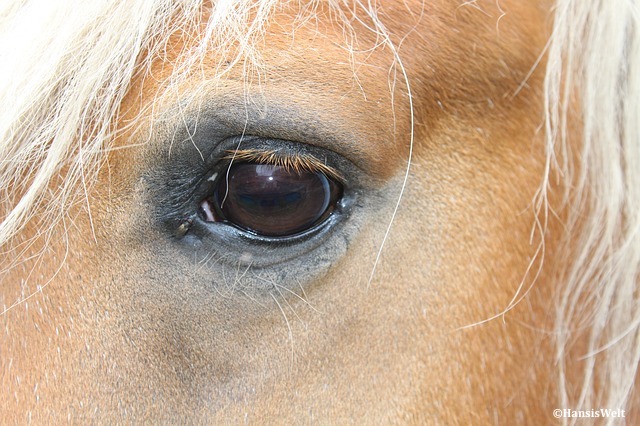 Carcinome épidermoïde équin : un facteur de risque génétique identifié chez plusieurs races de chevaux
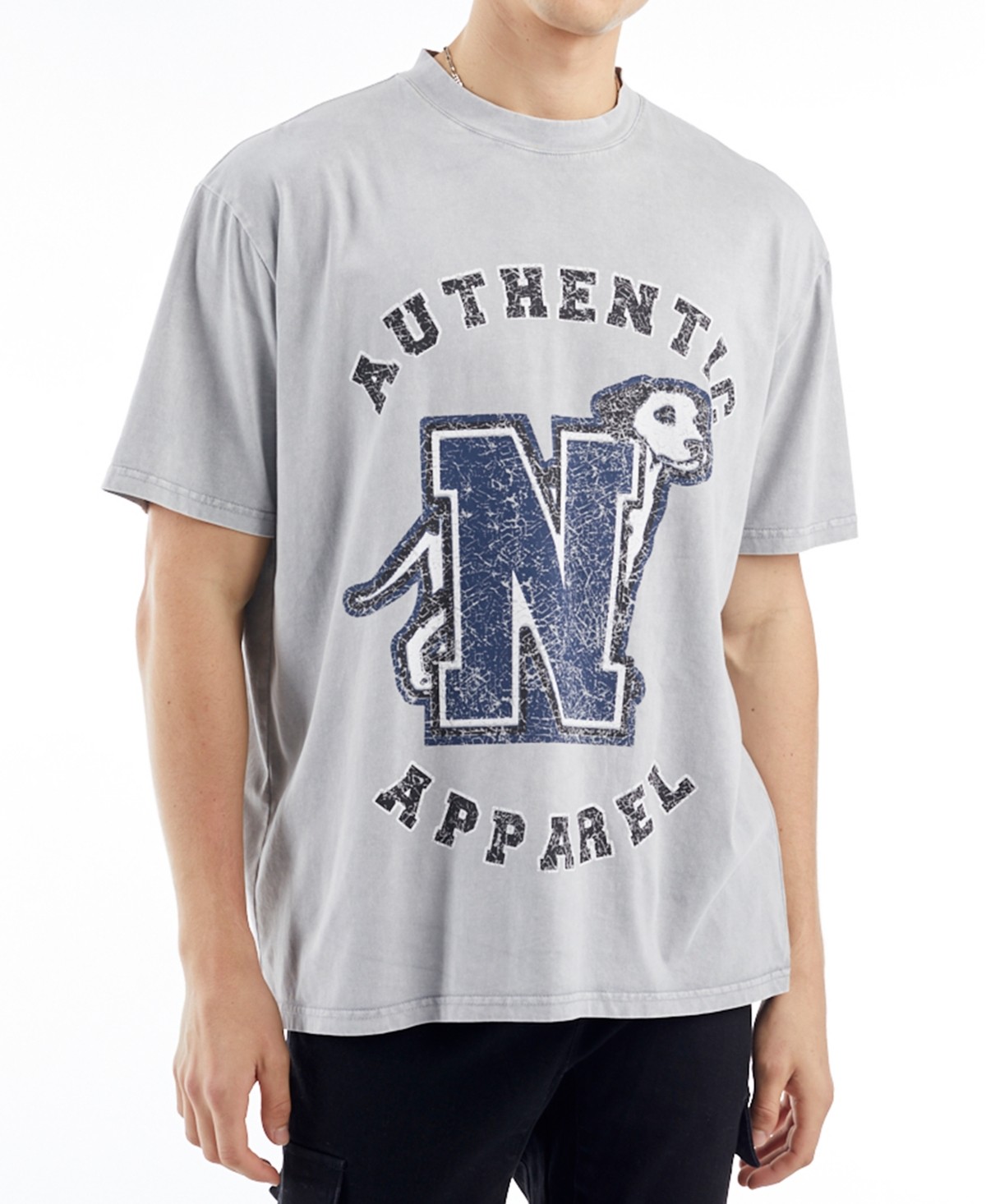 Nana Judy Мужская футболка с графическим рисунком Nana jUDY Delta Varsity серого цвета 7290₽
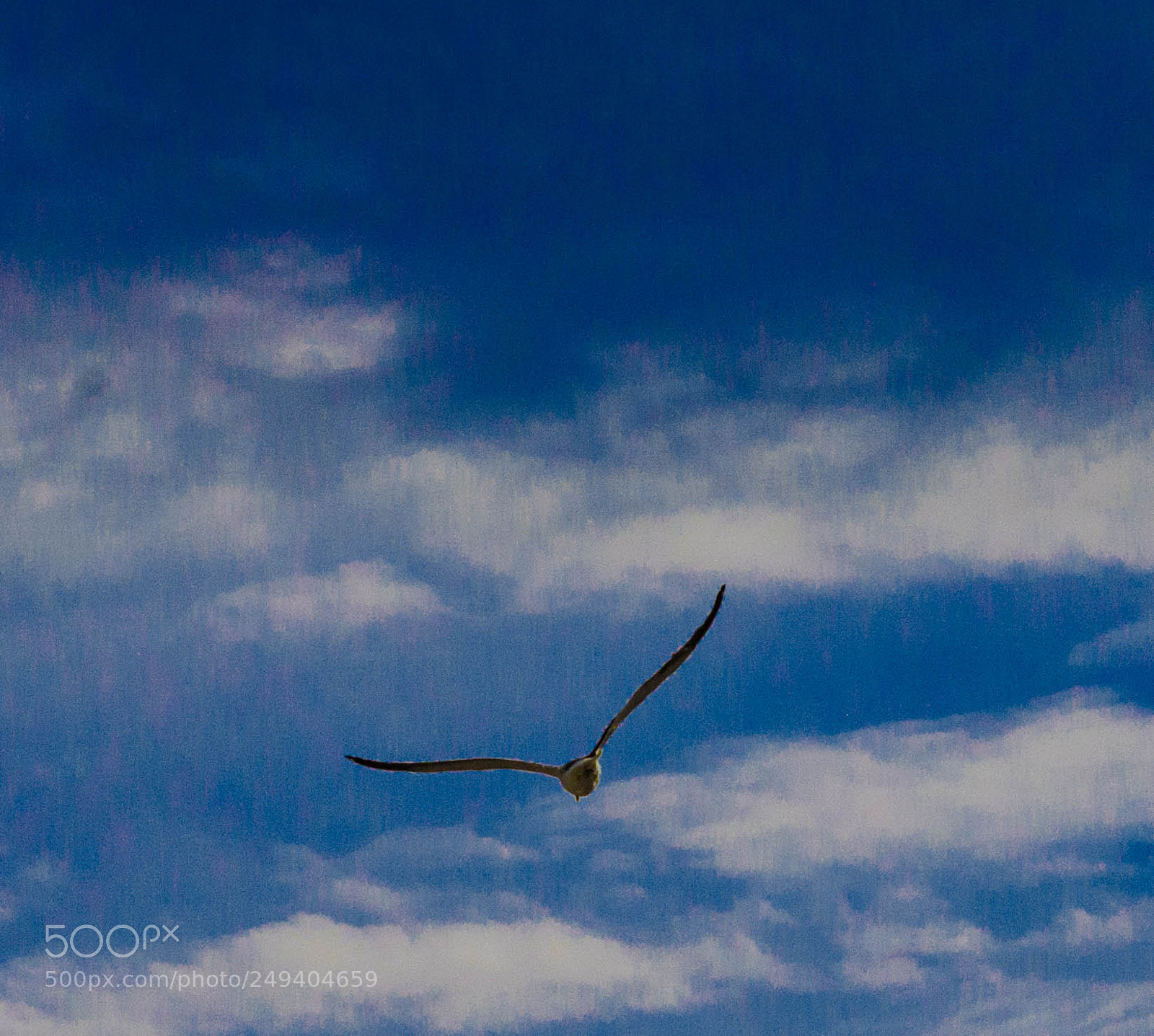 Nikon D5100 sample photo. A ess ncia do photography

* **TASK REQUIREMENTS**
The data is to be returned exactly as it stands, pictures aside.

* **TASK RESULT**
 Carcinome épidermoïde équin : un facteur de risque génétique identifié chez plusieurs races de chevaux
 Nana Judy Мужская футболка с графическим рисунком Nana jUDY Delta Varsity серого цвета 7290₽
 Nikon D5100 sample photo. A ess ncia do photography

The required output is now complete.